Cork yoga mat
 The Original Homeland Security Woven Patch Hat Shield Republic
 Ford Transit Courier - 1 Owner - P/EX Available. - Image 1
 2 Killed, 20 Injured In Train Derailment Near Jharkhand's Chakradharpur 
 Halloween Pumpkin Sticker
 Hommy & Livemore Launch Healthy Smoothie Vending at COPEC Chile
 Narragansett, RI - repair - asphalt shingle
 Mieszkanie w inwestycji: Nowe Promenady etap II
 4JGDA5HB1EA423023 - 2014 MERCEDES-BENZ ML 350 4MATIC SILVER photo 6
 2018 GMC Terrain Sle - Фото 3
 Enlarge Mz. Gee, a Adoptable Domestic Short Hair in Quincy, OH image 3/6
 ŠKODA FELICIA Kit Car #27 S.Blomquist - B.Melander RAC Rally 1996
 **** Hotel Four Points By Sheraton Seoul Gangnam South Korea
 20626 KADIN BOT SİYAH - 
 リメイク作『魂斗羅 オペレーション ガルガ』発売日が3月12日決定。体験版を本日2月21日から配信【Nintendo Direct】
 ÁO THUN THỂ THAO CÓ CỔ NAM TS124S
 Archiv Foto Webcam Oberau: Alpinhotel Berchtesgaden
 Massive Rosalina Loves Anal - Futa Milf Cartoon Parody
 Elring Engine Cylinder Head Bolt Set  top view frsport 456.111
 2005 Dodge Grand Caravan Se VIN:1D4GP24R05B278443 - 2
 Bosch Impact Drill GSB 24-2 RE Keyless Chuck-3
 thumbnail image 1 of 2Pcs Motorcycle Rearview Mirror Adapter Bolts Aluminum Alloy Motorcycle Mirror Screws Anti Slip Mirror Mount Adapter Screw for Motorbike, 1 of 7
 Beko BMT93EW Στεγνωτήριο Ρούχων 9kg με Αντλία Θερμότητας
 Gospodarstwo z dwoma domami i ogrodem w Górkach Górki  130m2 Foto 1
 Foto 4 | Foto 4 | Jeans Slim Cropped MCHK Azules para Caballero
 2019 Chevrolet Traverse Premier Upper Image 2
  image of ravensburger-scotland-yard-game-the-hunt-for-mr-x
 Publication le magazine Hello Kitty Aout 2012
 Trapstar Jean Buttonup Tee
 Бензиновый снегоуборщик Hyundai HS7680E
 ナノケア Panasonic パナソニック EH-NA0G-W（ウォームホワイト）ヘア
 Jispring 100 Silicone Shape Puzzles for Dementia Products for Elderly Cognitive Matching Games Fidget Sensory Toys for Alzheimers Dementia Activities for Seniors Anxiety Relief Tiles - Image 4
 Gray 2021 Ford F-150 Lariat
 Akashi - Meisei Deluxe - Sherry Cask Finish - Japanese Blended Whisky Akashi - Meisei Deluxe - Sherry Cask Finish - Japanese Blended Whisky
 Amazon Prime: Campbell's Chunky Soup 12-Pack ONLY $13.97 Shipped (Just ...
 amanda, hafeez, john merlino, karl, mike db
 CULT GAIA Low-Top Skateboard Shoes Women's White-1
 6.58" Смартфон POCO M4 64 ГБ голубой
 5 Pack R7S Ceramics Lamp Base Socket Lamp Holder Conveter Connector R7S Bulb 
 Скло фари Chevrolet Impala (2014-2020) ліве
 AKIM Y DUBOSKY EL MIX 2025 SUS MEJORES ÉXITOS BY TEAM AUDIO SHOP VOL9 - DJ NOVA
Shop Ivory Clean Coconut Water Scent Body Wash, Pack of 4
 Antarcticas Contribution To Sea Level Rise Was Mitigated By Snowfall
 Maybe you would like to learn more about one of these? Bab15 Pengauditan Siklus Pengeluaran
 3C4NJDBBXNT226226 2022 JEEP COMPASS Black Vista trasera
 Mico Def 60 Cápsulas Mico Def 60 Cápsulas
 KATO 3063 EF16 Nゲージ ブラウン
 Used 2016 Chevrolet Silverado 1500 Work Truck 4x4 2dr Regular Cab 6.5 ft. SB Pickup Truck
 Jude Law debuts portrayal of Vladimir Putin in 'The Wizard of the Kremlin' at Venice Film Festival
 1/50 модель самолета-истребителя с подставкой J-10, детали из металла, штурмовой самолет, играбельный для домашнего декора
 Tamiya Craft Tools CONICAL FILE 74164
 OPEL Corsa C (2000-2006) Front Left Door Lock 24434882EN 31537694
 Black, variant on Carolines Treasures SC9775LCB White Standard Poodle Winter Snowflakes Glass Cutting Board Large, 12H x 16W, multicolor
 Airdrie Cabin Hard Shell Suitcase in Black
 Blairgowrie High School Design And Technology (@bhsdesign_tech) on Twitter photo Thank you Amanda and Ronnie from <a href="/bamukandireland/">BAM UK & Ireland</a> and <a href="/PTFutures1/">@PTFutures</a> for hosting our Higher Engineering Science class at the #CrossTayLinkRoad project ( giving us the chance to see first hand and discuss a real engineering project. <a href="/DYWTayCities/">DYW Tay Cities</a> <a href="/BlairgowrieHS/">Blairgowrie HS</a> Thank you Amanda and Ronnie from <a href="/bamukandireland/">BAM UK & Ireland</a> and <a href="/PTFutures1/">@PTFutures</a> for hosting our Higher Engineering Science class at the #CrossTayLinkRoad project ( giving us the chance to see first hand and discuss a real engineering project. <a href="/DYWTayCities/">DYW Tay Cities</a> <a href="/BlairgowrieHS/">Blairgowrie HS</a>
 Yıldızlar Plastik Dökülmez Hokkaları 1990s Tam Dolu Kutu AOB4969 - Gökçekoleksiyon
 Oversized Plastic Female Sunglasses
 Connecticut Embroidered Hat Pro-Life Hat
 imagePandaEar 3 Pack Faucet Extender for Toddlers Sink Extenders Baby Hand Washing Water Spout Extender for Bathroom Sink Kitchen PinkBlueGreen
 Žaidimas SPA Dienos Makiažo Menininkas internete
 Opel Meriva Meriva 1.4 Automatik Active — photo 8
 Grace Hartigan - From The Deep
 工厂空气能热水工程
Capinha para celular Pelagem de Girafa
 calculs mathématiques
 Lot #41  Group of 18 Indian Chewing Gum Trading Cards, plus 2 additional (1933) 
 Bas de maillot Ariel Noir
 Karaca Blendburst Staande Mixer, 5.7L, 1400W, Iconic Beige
____________________
_Problem details:_ Write out the material above exactly, please, from its first line up to and including the line where "Gray 2021 Ford F-150 Lariat" appears, and stop there.

_Exercise solution:_
Cork yoga mat
 The Original Homeland Security Woven Patch Hat Shield Republic
 Ford Transit Courier - 1 Owner - P/EX Available. - Image 1
 2 Killed, 20 Injured In Train Derailment Near Jharkhand's Chakradharpur 
 Halloween Pumpkin Sticker
 Hommy & Livemore Launch Healthy Smoothie Vending at COPEC Chile
 Narragansett, RI - repair - asphalt shingle
 Mieszkanie w inwestycji: Nowe Promenady etap II
 4JGDA5HB1EA423023 - 2014 MERCEDES-BENZ ML 350 4MATIC SILVER photo 6
 2018 GMC Terrain Sle - Фото 3
 Enlarge Mz. Gee, a Adoptable Domestic Short Hair in Quincy, OH image 3/6
 ŠKODA FELICIA Kit Car #27 S.Blomquist - B.Melander RAC Rally 1996
 **** Hotel Four Points By Sheraton Seoul Gangnam South Korea
 20626 KADIN BOT SİYAH - 
 リメイク作『魂斗羅 オペレーション ガルガ』発売日が3月12日決定。体験版を本日2月21日から配信【Nintendo Direct】
 ÁO THUN THỂ THAO CÓ CỔ NAM TS124S
 Archiv Foto Webcam Oberau: Alpinhotel Berchtesgaden
 Massive Rosalina Loves Anal - Futa Milf Cartoon Parody
 Elring Engine Cylinder Head Bolt Set  top view frsport 456.111
 2005 Dodge Grand Caravan Se VIN:1D4GP24R05B278443 - 2
 Bosch Impact Drill GSB 24-2 RE Keyless Chuck-3
 thumbnail image 1 of 2Pcs Motorcycle Rearview Mirror Adapter Bolts Aluminum Alloy Motorcycle Mirror Screws Anti Slip Mirror Mount Adapter Screw for Motorbike, 1 of 7
 Beko BMT93EW Στεγνωτήριο Ρούχων 9kg με Αντλία Θερμότητας
 Gospodarstwo z dwoma domami i ogrodem w Górkach Górki  130m2 Foto 1
 Foto 4 | Foto 4 | Jeans Slim Cropped MCHK Azules para Caballero
 2019 Chevrolet Traverse Premier Upper Image 2
  image of ravensburger-scotland-yard-game-the-hunt-for-mr-x
 Publication le magazine Hello Kitty Aout 2012
 Trapstar Jean Buttonup Tee
 Бензиновый снегоуборщик Hyundai HS7680E
 ナノケア Panasonic パナソニック EH-NA0G-W（ウォームホワイト）ヘア
 Jispring 100 Silicone Shape Puzzles for Dementia Products for Elderly Cognitive Matching Games Fidget Sensory Toys for Alzheimers Dementia Activities for Seniors Anxiety Relief Tiles - Image 4
 Gray 2021 Ford F-150 Lariat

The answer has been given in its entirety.